═══ Recorded data

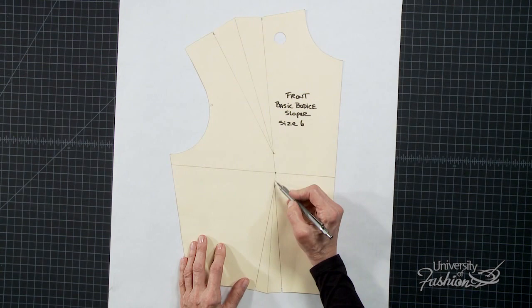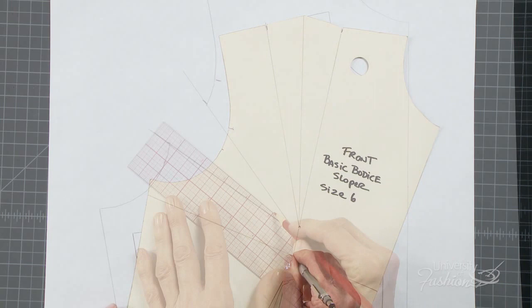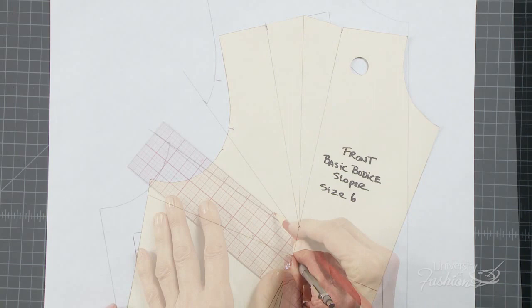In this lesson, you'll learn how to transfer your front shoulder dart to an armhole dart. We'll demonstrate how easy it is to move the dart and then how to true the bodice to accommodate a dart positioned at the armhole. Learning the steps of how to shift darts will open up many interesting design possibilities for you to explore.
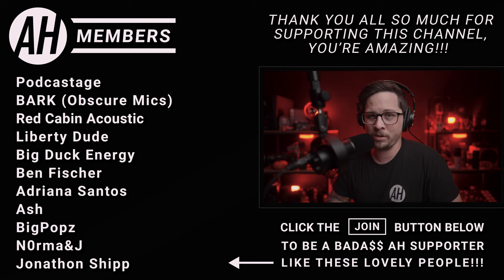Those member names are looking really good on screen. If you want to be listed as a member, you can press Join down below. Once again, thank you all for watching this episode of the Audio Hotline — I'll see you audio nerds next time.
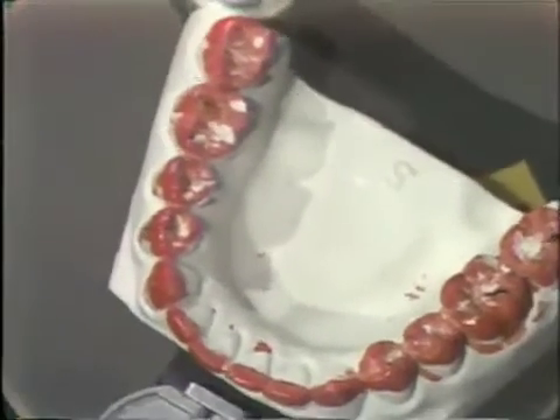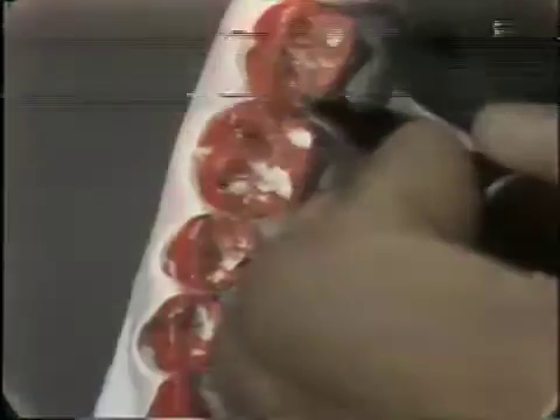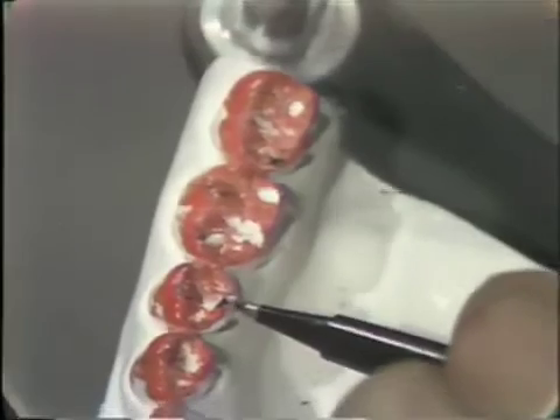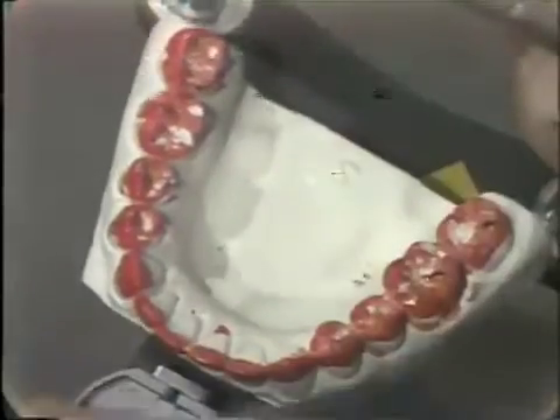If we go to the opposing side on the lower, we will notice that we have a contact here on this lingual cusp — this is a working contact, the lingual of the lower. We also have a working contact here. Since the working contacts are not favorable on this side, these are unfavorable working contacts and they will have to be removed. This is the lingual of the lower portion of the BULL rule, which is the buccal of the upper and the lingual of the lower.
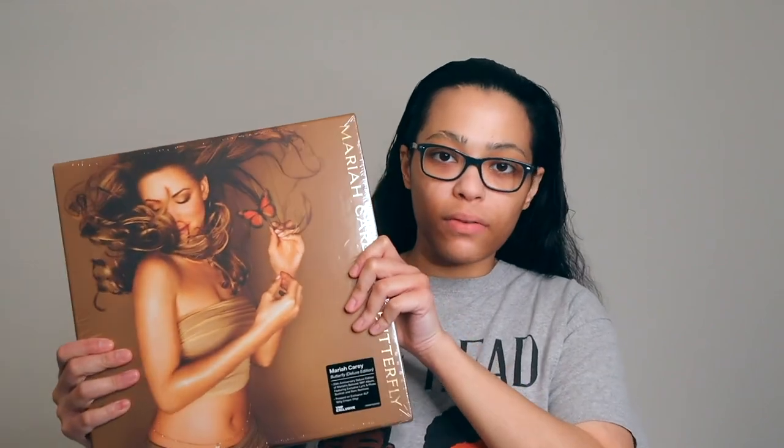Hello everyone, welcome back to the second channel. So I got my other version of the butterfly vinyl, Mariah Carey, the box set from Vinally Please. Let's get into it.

══════

■ Problem details: The output should be the lines from the one with "Those member names" through the end of the material above, both ends included, printed exactly and nothing else. Drop the pictures.

■ Exercise response:
Those member names are looking really good on screen. If you want to be listed as a member, you can press Join down below. Once again, thank you all for watching this episode of the Audio Hotline — I'll see you audio nerds next time.
If we go to the opposing side on the lower, we will notice that we have a contact here on this lingual cusp — this is a working contact, the lingual of the lower. We also have a working contact here. Since the working contacts are not favorable on this side, these are unfavorable working contacts and they will have to be removed. This is the lingual of the lower portion of the BULL rule, which is the buccal of the upper and the lingual of the lower.
Hello everyone, welcome back to the second channel. So I got my other version of the butterfly vinyl, Mariah Carey, the box set from Vinally Please. Let's get into it.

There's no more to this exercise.